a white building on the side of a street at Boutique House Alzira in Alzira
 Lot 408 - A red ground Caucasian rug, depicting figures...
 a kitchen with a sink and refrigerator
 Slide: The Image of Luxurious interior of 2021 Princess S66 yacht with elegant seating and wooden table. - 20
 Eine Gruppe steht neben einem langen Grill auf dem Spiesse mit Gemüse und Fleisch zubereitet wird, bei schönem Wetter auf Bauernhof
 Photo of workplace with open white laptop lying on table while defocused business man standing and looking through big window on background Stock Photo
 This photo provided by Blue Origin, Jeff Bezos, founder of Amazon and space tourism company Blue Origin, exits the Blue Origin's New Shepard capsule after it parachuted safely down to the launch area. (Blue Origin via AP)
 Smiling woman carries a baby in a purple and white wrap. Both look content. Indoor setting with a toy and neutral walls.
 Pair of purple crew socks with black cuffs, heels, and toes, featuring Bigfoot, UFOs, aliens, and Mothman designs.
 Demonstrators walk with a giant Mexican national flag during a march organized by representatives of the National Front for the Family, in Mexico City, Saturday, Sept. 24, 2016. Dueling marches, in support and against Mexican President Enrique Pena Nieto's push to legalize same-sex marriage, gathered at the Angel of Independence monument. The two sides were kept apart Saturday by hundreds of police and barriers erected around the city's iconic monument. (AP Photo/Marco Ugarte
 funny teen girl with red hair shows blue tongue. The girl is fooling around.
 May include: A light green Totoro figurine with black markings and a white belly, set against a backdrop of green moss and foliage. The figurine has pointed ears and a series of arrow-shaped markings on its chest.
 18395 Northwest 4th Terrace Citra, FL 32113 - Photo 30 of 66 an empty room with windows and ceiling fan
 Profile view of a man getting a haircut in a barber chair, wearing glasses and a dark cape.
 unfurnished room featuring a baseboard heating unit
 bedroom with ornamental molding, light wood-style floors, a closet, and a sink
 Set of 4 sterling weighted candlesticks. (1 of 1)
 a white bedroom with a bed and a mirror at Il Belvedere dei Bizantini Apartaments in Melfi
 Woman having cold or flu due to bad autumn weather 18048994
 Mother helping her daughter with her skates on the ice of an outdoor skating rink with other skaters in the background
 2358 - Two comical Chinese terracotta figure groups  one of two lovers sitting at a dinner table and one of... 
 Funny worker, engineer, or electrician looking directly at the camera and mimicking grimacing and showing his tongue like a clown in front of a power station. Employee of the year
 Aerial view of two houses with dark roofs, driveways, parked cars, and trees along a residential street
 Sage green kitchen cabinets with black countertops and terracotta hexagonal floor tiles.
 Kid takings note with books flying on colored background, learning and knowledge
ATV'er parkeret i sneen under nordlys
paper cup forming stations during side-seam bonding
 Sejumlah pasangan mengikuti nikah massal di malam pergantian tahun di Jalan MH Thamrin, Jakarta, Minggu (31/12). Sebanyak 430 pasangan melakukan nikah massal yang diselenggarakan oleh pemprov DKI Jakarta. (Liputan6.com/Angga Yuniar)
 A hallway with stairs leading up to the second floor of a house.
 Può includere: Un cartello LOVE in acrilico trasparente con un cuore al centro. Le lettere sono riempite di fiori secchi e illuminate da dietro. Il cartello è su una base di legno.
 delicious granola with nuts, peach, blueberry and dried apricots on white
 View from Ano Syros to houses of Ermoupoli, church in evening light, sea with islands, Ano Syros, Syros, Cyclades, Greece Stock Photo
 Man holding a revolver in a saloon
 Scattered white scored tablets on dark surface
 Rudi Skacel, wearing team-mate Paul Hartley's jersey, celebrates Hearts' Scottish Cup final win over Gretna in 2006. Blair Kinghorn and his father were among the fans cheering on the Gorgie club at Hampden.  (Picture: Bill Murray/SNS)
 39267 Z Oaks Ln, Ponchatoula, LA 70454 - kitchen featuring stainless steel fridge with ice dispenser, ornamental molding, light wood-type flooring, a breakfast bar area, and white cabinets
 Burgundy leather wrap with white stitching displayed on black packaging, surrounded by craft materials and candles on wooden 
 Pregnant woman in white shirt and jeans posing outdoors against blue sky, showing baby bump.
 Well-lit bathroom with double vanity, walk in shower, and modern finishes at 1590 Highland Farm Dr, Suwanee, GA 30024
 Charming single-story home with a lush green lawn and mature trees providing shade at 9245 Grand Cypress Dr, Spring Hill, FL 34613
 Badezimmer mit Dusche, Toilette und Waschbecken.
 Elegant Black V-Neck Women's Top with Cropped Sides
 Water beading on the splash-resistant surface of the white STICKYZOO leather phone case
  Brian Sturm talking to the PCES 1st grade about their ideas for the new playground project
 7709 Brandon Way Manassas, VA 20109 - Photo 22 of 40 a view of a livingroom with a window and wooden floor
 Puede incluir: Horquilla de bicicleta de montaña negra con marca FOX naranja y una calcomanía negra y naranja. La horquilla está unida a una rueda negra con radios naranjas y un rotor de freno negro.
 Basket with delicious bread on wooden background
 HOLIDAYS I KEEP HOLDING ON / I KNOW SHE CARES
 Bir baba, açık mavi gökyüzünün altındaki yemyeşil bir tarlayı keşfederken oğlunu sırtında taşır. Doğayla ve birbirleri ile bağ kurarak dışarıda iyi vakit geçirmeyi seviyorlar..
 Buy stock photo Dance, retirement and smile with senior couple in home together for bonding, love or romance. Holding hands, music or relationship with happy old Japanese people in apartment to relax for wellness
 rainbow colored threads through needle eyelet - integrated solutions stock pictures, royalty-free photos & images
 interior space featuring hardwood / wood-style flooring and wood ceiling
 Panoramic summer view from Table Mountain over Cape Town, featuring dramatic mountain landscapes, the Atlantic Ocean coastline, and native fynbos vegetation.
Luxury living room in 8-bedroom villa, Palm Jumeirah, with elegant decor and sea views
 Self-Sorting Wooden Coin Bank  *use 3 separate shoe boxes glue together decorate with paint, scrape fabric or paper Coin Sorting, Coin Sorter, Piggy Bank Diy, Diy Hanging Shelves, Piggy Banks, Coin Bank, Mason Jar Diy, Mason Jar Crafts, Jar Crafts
━━━
# EXERCISE DIRECTIONS
Could you repeat exactly the lines in the listing above from the one with "Buy stock photo" down to the one with "interior space featuring"? Include both of those lines.

# YOUR RESPONSE
 Buy stock photo Dance, retirement and smile with senior couple in home together for bonding, love or romance. Holding hands, music or relationship with happy old Japanese people in apartment to relax for wellness
 rainbow colored threads through needle eyelet - integrated solutions stock pictures, royalty-free photos & images
 interior space featuring hardwood / wood-style flooring and wood ceiling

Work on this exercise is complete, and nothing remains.